== Excerpted data ==

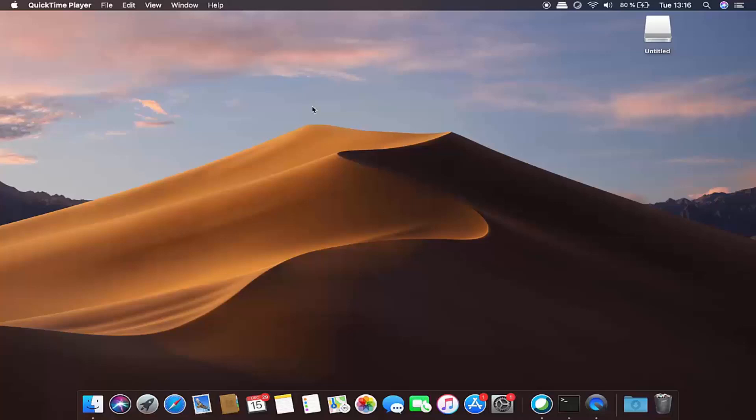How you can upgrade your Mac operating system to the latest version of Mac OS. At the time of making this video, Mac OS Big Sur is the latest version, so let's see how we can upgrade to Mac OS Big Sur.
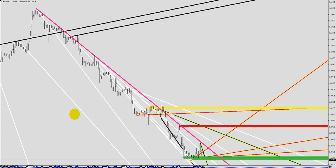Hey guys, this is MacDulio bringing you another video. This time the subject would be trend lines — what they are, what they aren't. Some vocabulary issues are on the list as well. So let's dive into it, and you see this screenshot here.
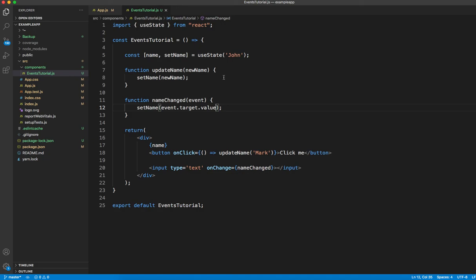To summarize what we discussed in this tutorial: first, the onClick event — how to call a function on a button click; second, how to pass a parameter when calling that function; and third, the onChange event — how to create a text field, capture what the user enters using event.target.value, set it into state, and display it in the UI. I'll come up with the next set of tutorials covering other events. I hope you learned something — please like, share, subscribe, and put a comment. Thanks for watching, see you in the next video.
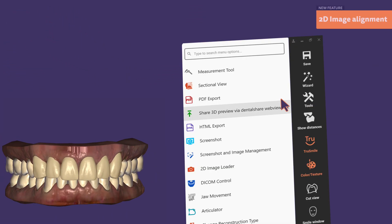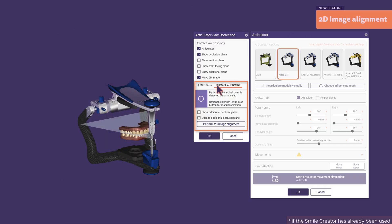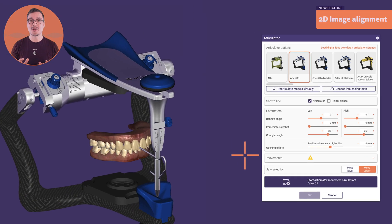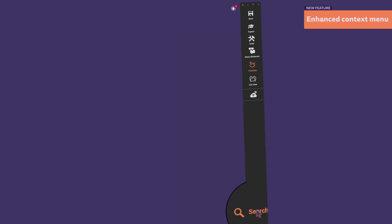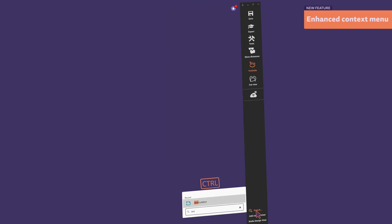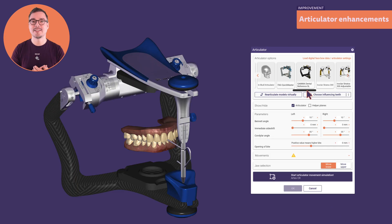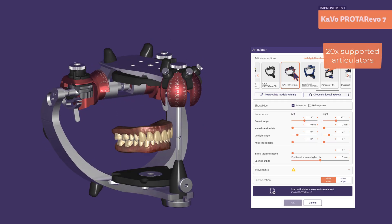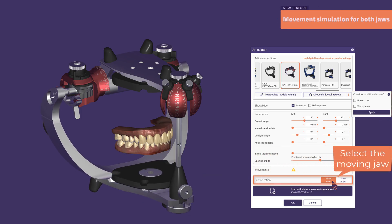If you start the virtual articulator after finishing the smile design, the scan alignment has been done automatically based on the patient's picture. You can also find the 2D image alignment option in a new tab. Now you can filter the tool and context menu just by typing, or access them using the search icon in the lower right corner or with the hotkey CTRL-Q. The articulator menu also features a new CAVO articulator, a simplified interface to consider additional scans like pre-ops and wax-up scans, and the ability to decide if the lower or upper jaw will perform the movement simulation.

===
== Excerpted data ==

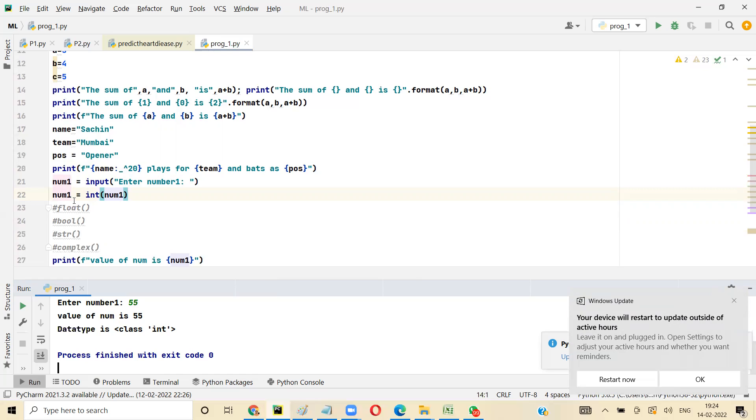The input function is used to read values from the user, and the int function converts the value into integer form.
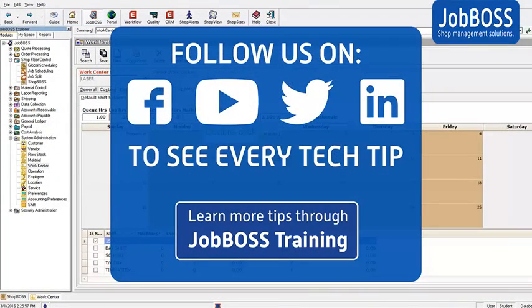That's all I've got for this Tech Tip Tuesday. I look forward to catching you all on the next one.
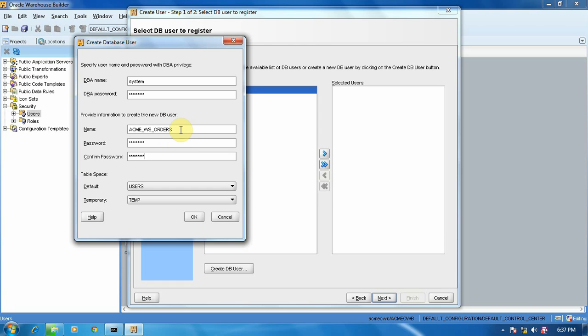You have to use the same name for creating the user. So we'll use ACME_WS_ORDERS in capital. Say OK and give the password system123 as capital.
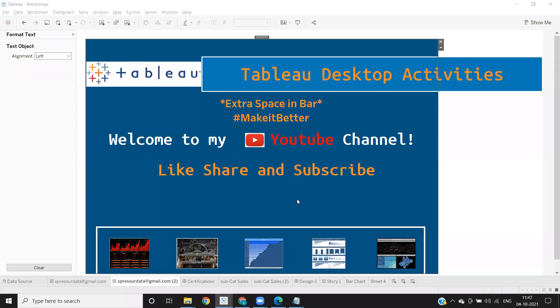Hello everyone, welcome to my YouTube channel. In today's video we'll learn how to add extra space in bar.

===

Your instructions.
Using the material above, transcribe exactly the lines from the one holding "To summarize what" to the one holding "If you start", both ends kept. Do not carry over any pictures.

Answer.
To summarize what we discussed in this tutorial: first, the onClick event — how to call a function on a button click; second, how to pass a parameter when calling that function; and third, the onChange event — how to create a text field, capture what the user enters using event.target.value, set it into state, and display it in the UI. I'll come up with the next set of tutorials covering other events. I hope you learned something — please like, share, subscribe, and put a comment. Thanks for watching, see you in the next video.
If you start the virtual articulator after finishing the smile design, the scan alignment has been done automatically based on the patient's picture. You can also find the 2D image alignment option in a new tab. Now you can filter the tool and context menu just by typing, or access them using the search icon in the lower right corner or with the hotkey CTRL-Q. The articulator menu also features a new CAVO articulator, a simplified interface to consider additional scans like pre-ops and wax-up scans, and the ability to decide if the lower or upper jaw will perform the movement simulation.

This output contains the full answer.